Photo source: MIT News
MIT is developing an innovative approach for training robots, diverging from traditional methods that rely on limited, task-specific datasets. Instead, this new technique leverages extensive data sets akin to those used in training large language models (LLMs).
The research team highlighted the limitations of imitation learning, where robots learn by observing humans. This method often struggles when faced with minor variations in the environment, such as changes in lighting or the introduction of new obstacles. In these situations, robots lack sufficient data to adapt effectively.
To address this challenge, the researchers drew inspiration from models like GPT-4 and adopted a more comprehensive data-driven strategy for problem-solving.
“In the language domain, the data are all just sentences,” noted Lirui Wang, the lead author of the study. “In robotics, given all the heterogeneity in the data, if you want to pretrain in a similar manner, we need a different architecture.”

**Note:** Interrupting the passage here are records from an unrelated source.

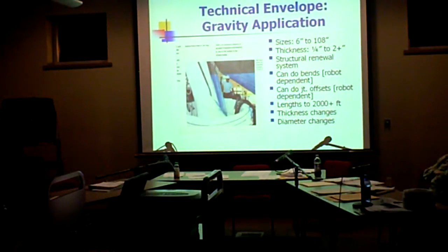This talks about the envelope — six to 108 inches. The thickness is a quarter inch. On an eight inch, just rule of thumb for six to eight inch, you get six millimeters of liner thickness. That's about a quarter of an inch, and we can go up to about two and a half inches thick, which is a pretty solid chunk of plastic.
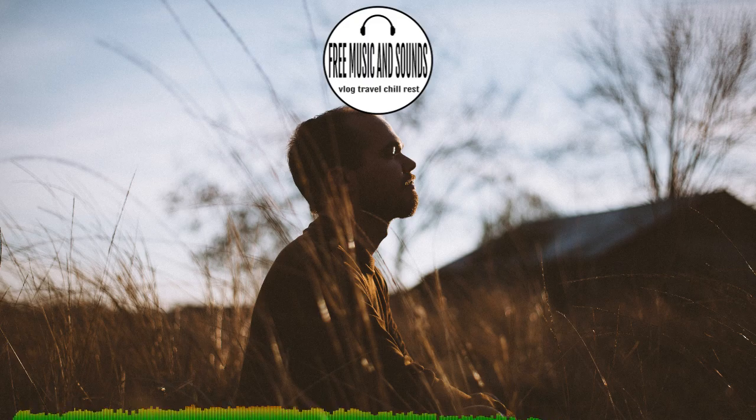Notice where you most easily detect the breath. You might feel it as it flows in and out of your nose, or feel the touch of the breath around your nostrils or on your upper lip. Or perhaps you feel the movement of your chest or the rising and falling of your abdomen. Bring your attention to the sensations of breathing in one of these areas, perhaps wherever you feel them most distinctly.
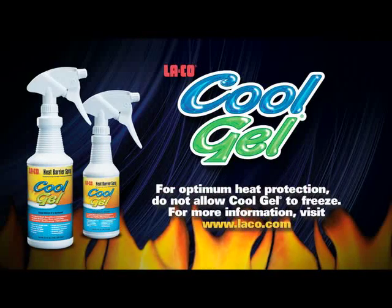For more information about Cool Gel, visit our website at laco.com.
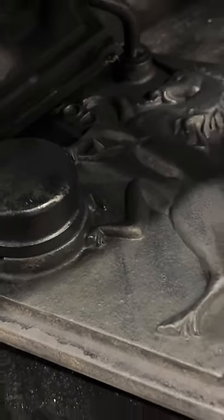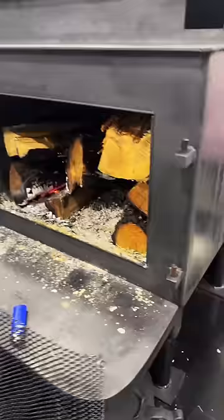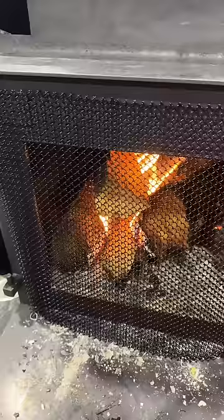The wood stove has been refinished and the doors look amazing, but sometimes you just want an open fire. But you don't want embers and coals flying out the front and landing on the stove and burning your place down.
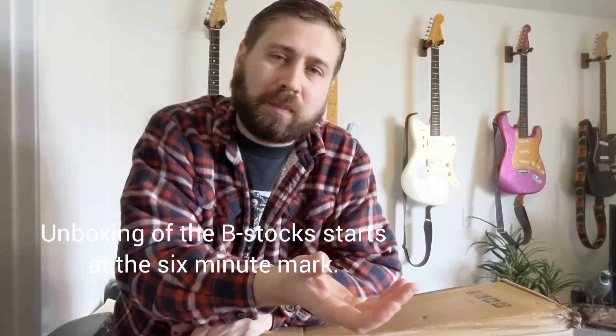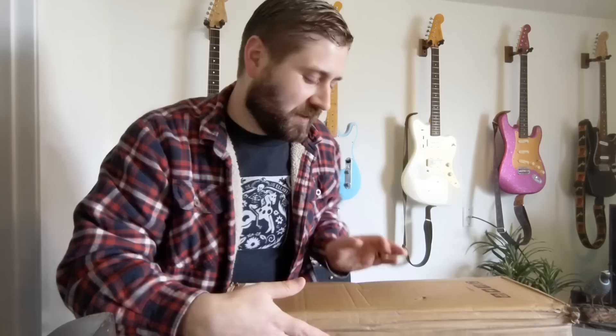Hey guys, welcome back, it's Brad. Today I got a fun video — if not fun, it should at least be informative. I've been interested for a while in some Harley Benton B-stocks. Normally when you look on a manufacturer's website, B-stock listings show little pictures of scratches or gaps. But when you order from Thomann, at least the Harley Bentons I saw — they don't show you any picture, so you really have no idea what you're getting.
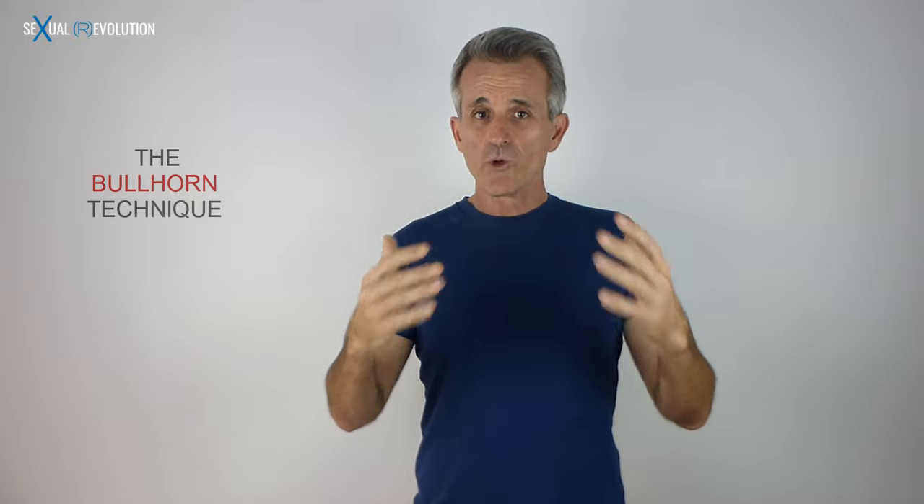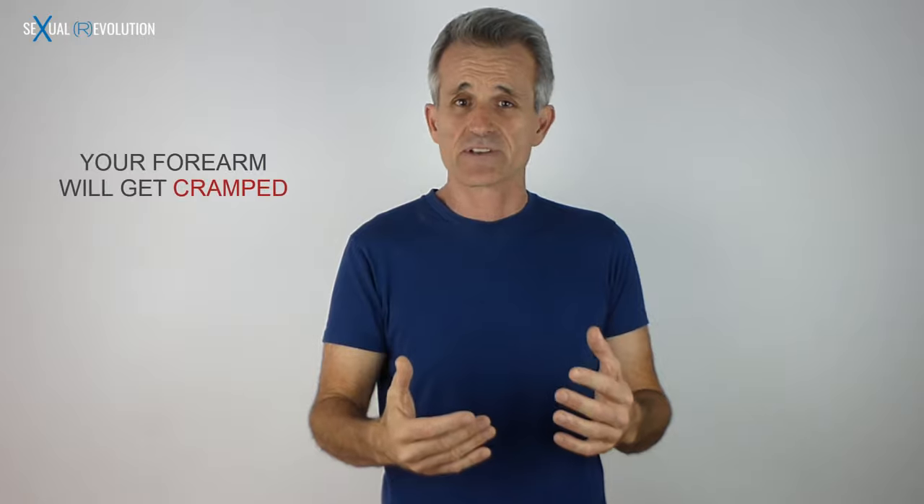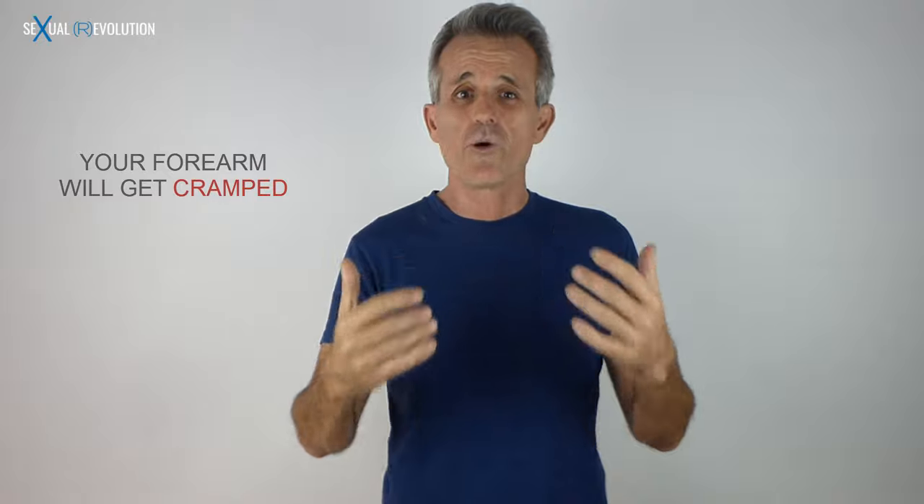When we do the bullhorn technique — I'm going to give you links here on how to give a woman a squirting orgasm — I'm not going to go into detail of how to do it, but when we use our hand like this, like a bullhorn, and use these two fingers to stimulate the g-spot, many of us start using our small muscles. That means we're moving only our wrists, and what happens is that all your forearm gets very cramped — so hard and cramped that you're not going to be able to go on.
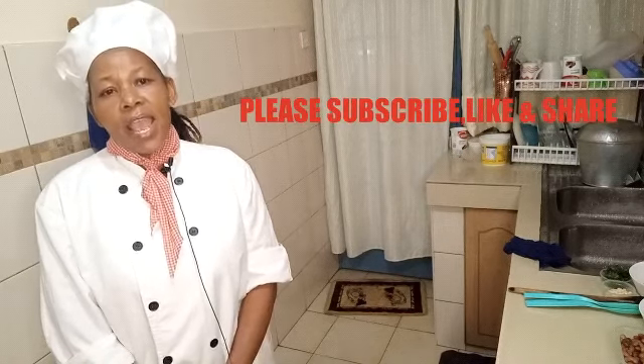Hi, my YouTube family, welcome back to my channel. This is your girl Chef Abby, the best chef in Kenya. If this is your first time visiting my channel, make sure you hit the subscribe button.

The team introduced a novel architecture termed Heterogeneous Pretrained Transformers, which integrates information from various sensors and environments. A transformer model processes this diverse data into cohesive training models, with larger transformers yielding superior results.
Users can input specifications regarding the robot’s design, setup, and the tasks they wish to accomplish.
“Our dream is to have a universal robot brain that you could download and use for your robot without any training at all. While we are just in the early stages, we are going to keep pushing hard and hope scaling leads to a breakthrough in robotic policies, like it did with large language models,” said David Held, an associate professor at Carnegie Mellon University.
The research initiative is partially funded by the Toyota Research Institute (TRI). Last year, the TRI disclosed a method for training robots overnight and has recently formed a partnership to merge its robot learning research with Boston Dynamics’ hardware.